My Women in Entertainment Summit Experience
I had the pleasure of attending the 3rd Annual Women in Entertainment Summit. Although held in a large auditorium of the Skirball Cultural Center, I felt as though I was engaged in a day-long intimate conversation among girlfriends. Not only were the speakers and panelists outstanding, but I also networked with many women who were warm, supportive and as thrilled as I was to be there.

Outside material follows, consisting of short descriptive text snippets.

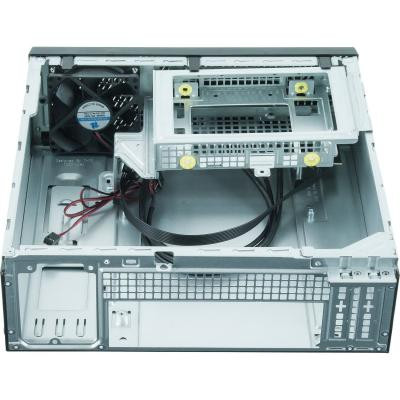 Корпус Chieftec Uni (BU-12B-300) Винница - изображение 6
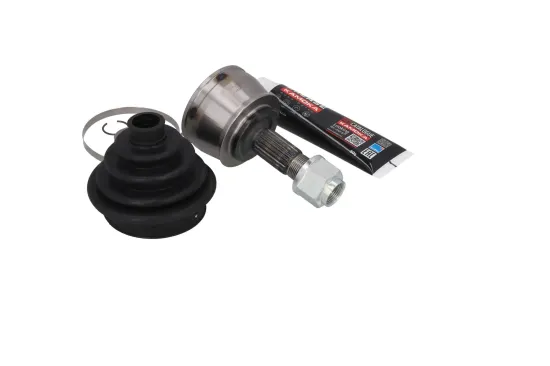 Gelenksatz, Antriebswelle KAMOKA 6424 Bild Gelenksatz, Antriebswelle KAMOKA 6424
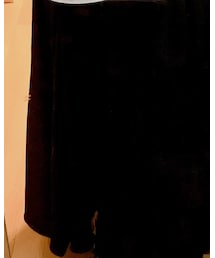 fifth | スカート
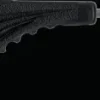 YS Park Carbon Tail Comb No.108 Black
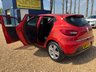 USED 2013 63 RENAULT CLIO 0.9 TCe Dynamique MediaNav Hatchback 5dr Petrol Manual Euro 5 (s/s) (90 ps) FULL HISTORY+NEW MOT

The day kicked off with a keynote address by Geena Davis. She opened with the statement, “The days are over where we’re supposed to figure this out ourselves — bring a man.” I agree with her. However, not just any jackass but a man that is willing to empower women, no strings attached. Ms. Davis dished out a hardy serving of encouragement which made swallowing many of the realities of the media industry she shared a bit easier. She delivered a report card based on results measured by the Geena Davis Inclusion Quotient (GD-IQ) tool. For example, women are seen and heard in films two times less than men, and when women do speak, they use fewer words and more words with one syllable than men. To counteract this, Ms. Davis suggested (1) doing a gender pass on a script before finalizing it; (2) consider changing male characters to females; and (3) don’t kill off the mother in the 1st ten minutes of the film!!

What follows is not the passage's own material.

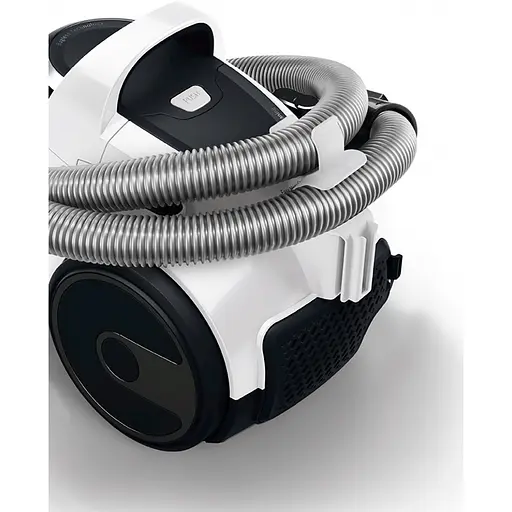 Пылесос Bosch BGS05A225 - фото 4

As if Ms. Davis’ inspiring keynote was not enough, every speaker that climbed the stage throughout the day was amazing. There were five separate Director’s Chair discussions. They featured Writer/Director Jennifer Lee (Frozen, A Wrinkle in Time), Victoria Mahoney (Yelling to the Sky), Dee Rees (Pariah, Mud Bound), Writer/Director Greta Gerwig (Lady Bird, Frances Ha) and Patty Jenkins (Wonder Woman). They each shared their invaluable perspectives and proved we all share the same goals and insecurities at some point in our careers. They were also completely approachable after their time on stage ended.
The numerous panel discussions were delightful and informative. They included “Content is Queen” featuring women from STARZ, DreamWorks Animation, and ABC Family. There was a “Technology and Hollywood” discussion and my two favorites, “Designing Disruption”, a discussion on counteracting stereotypes of gender in entertainment; and “Women’s Rights are Human Rights” which featured a discussion with Hayley Pappas, a strong Canadian woman who spent three years as a volunteer soldier battling ISIS as a member of the YPJ, an all-female Kurdish army. Talk about sensory overload. My head spins just thinking about it again.
My favorite quote from the day was from Greta Gerwig — “It’s difficult to learn if you won’t say I don’t know.” I’m not sure whether it was her original quote. However, hearing it come from a woman who has paved her way in the film industry makes it a keeper. To say I left the WIE Summit pumped and inspired is an understatement. I’m ready to disrupt some ‘stuff’ and willing to admit, I need help. Who’s game?